What you have to do:
Only an exact copy of the entries, stripped of pictures, will serve as the answer.

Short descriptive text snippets
•••••
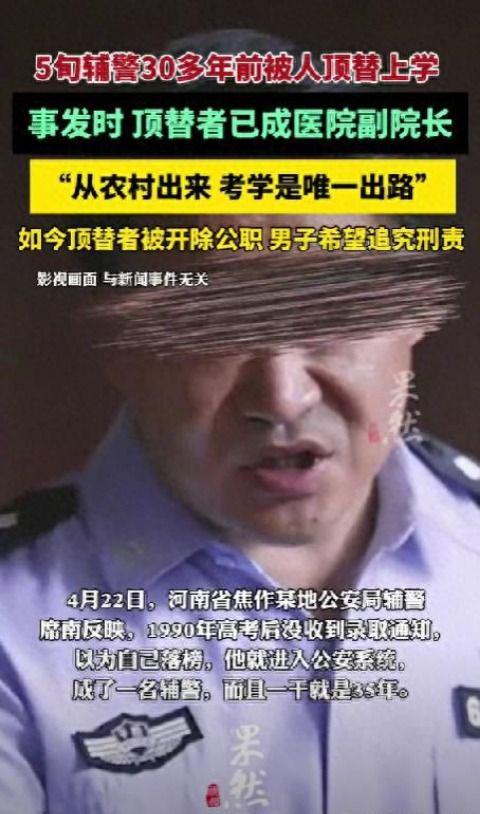 辅警30年前高考被顶替，通报属实！具体档案披露，顶替者难问责
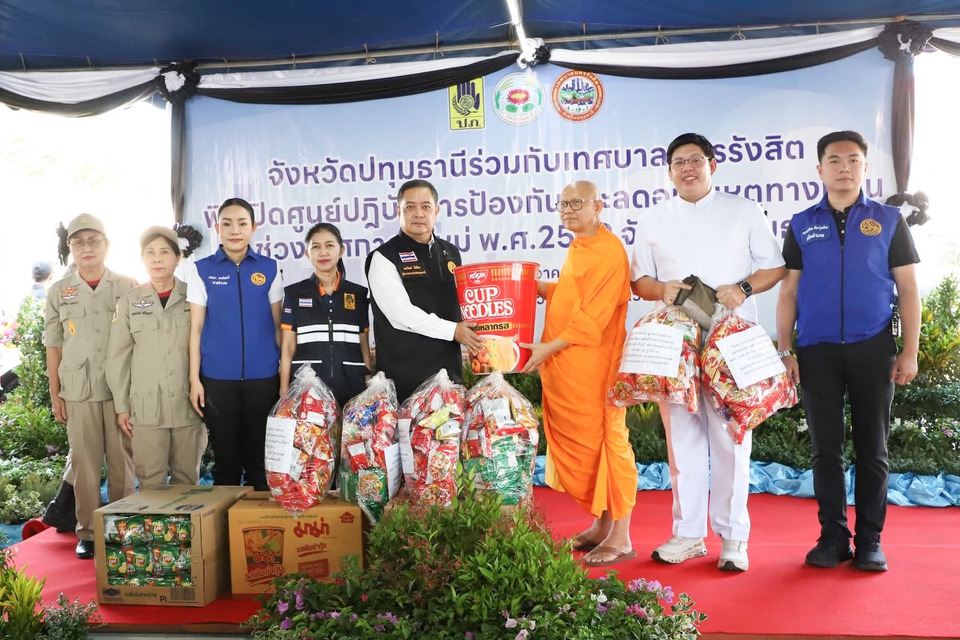 "วัดพระธรรมกาย" มอบอาหารสำเร็จรูป สนับสนุนศูนย์ปฏิบัติการป้องกันและลดอุบัติเหตุทางถนนช่วงเทศกาลปีใหม่ 2569 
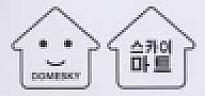 DOMESKY & DEVICE (and logo) trademark logo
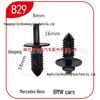 Compatible Fixing Clips for BMW, Opel, and Mercedes-Benz: Bumper, Fender Lining, Grille.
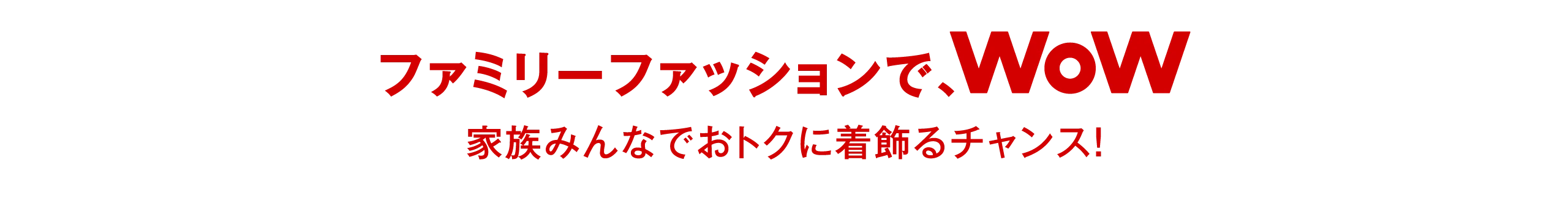 レディスファッションでWow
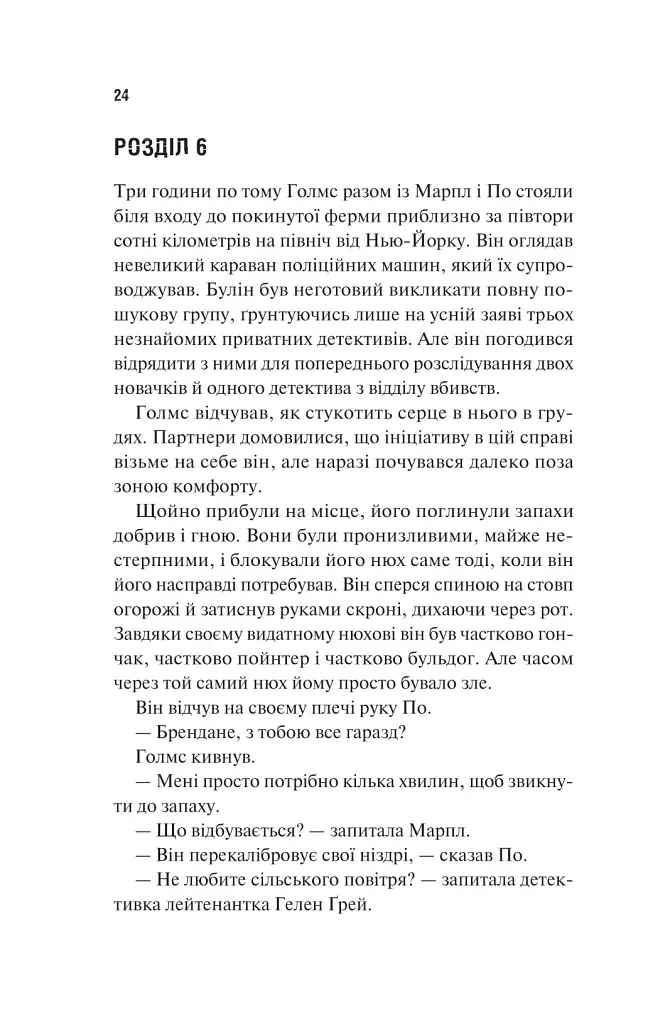 Голмс, Марпл і По: найвидатніша команда з розкриття злочинів ХХІ століття - фото 18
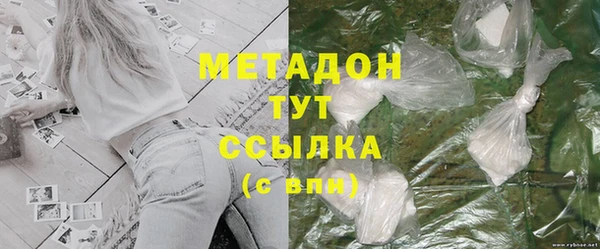 гидропоника Рославль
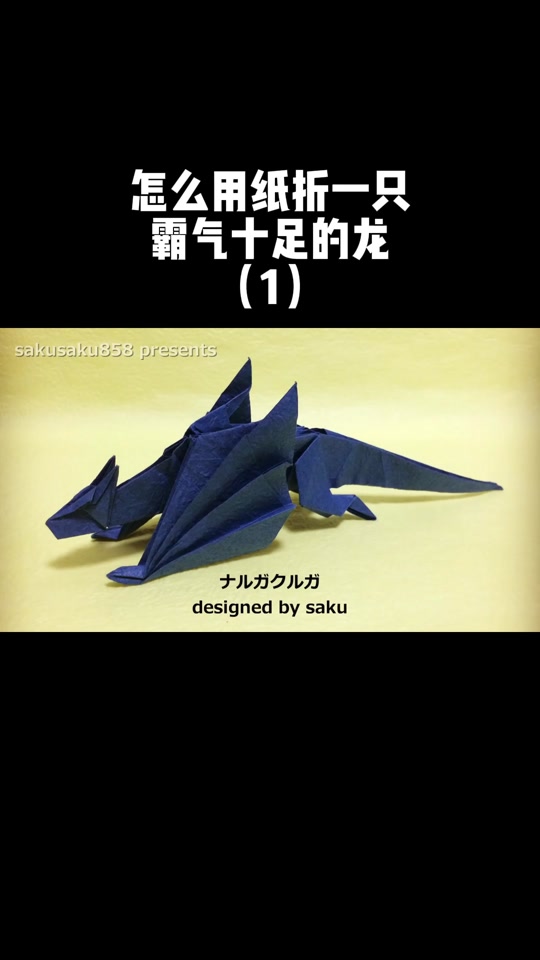 折纸三头飞龙_折纸三头飞龙基多拉_折纸三头飞龙最酷最帅 - 抖音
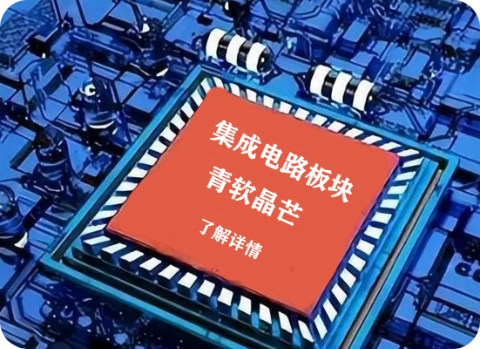 点击图片了解更多详情
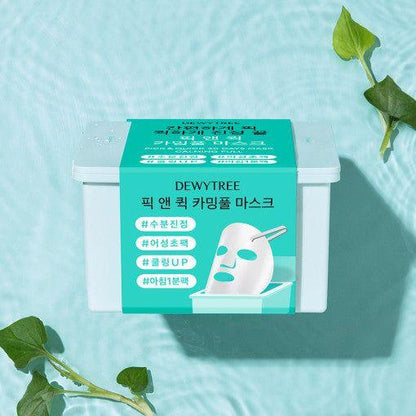 Gentle Calming Face Mask - 30 Pack | Moisturizing Skin Care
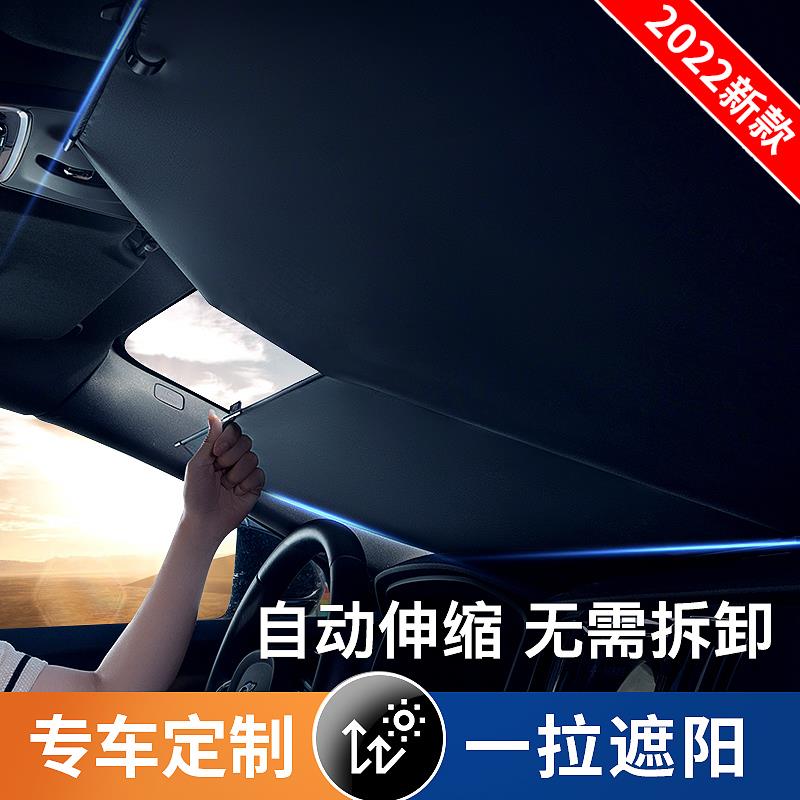 汽车遮阳伞自动伸缩窗帘防晒隔热前挡风玻璃遮光板罩车载内用神器
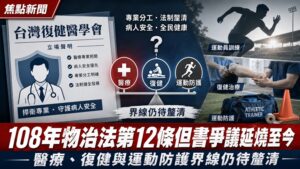 108年物治法第12條但書爭議延燒至今 醫療、復健與運動防護界線仍待釐清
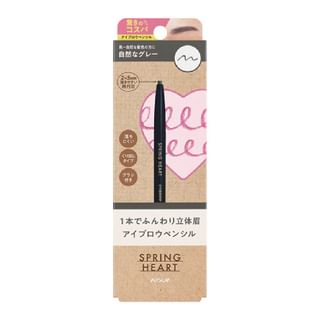 Koji - Spring Heart Eyebrow Pencil Natural Gray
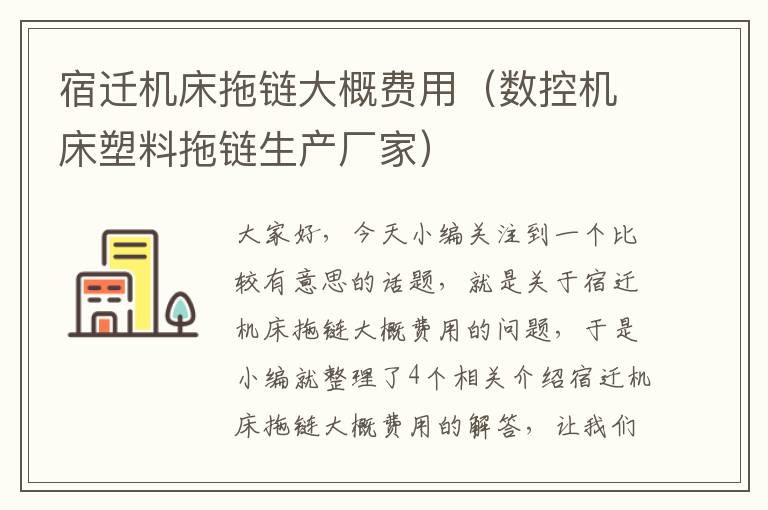 宿迁机床拖链大概费用(数控机床塑料拖链生产厂家)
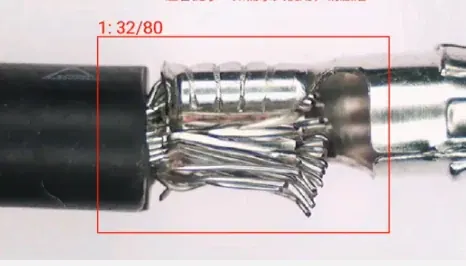 NG2 sample showing cable strand separation
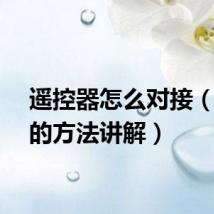 遥控器怎么对接（对接的方法讲解）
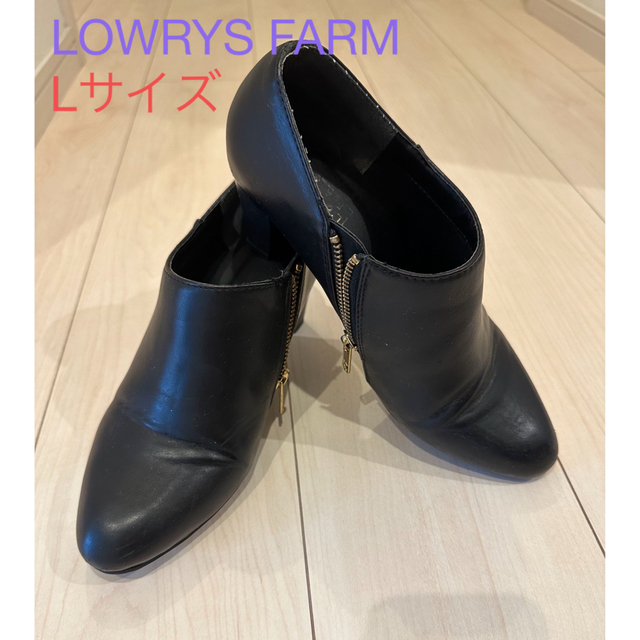 LOWRYS FARM(ローリーズファーム)のローリーズファーム /ショートブーツ レディースの靴/シューズ(ブーツ)の商品写真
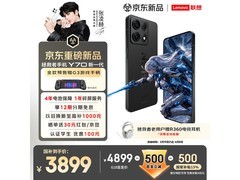 联想Y70电竞手机直降500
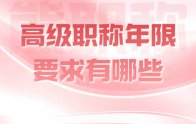 职称办理攻略：高级职称年限要求有哪些？可不仅仅是年限哦！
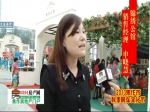 申晓慧：焦作秋季房展会锦绣公馆销售经理专访
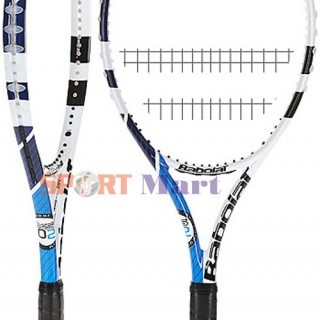 Vợt tennis Babolat XS 105 Blue grip2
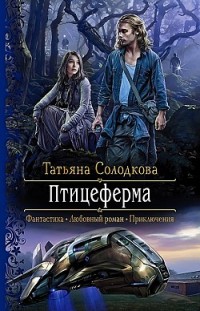 Птицеферма Татьяна Солодкова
•••••
Result for this exercise:
 辅警30年前高考被顶替，通报属实！具体档案披露，顶替者难问责
 "วัดพระธรรมกาย" มอบอาหารสำเร็จรูป สนับสนุนศูนย์ปฏิบัติการป้องกันและลดอุบัติเหตุทางถนนช่วงเทศกาลปีใหม่ 2569 
 DOMESKY & DEVICE (and logo) trademark logo
 Compatible Fixing Clips for BMW, Opel, and Mercedes-Benz: Bumper, Fender Lining, Grille.
 レディスファッションでWow
 Голмс, Марпл і По: найвидатніша команда з розкриття злочинів ХХІ століття - фото 18
 гидропоника Рославль
 折纸三头飞龙_折纸三头飞龙基多拉_折纸三头飞龙最酷最帅 - 抖音
 点击图片了解更多详情
 Gentle Calming Face Mask - 30 Pack | Moisturizing Skin Care
 汽车遮阳伞自动伸缩窗帘防晒隔热前挡风玻璃遮光板罩车载内用神器
 108年物治法第12條但書爭議延燒至今 醫療、復健與運動防護界線仍待釐清
 Koji - Spring Heart Eyebrow Pencil Natural Gray
 宿迁机床拖链大概费用(数控机床塑料拖链生产厂家)
 NG2 sample showing cable strand separation
 遥控器怎么对接（对接的方法讲解）
 LOWRYS FARM(ローリーズファーム)のローリーズファーム /ショートブーツ レディースの靴/シューズ(ブーツ)の商品写真
 联想Y70电竞手机直降500
 职称办理攻略：高级职称年限要求有哪些？可不仅仅是年限哦！
 申晓慧：焦作秋季房展会锦绣公馆销售经理专访
 Vợt tennis Babolat XS 105 Blue grip2
 Птицеферма Татьяна Солодкова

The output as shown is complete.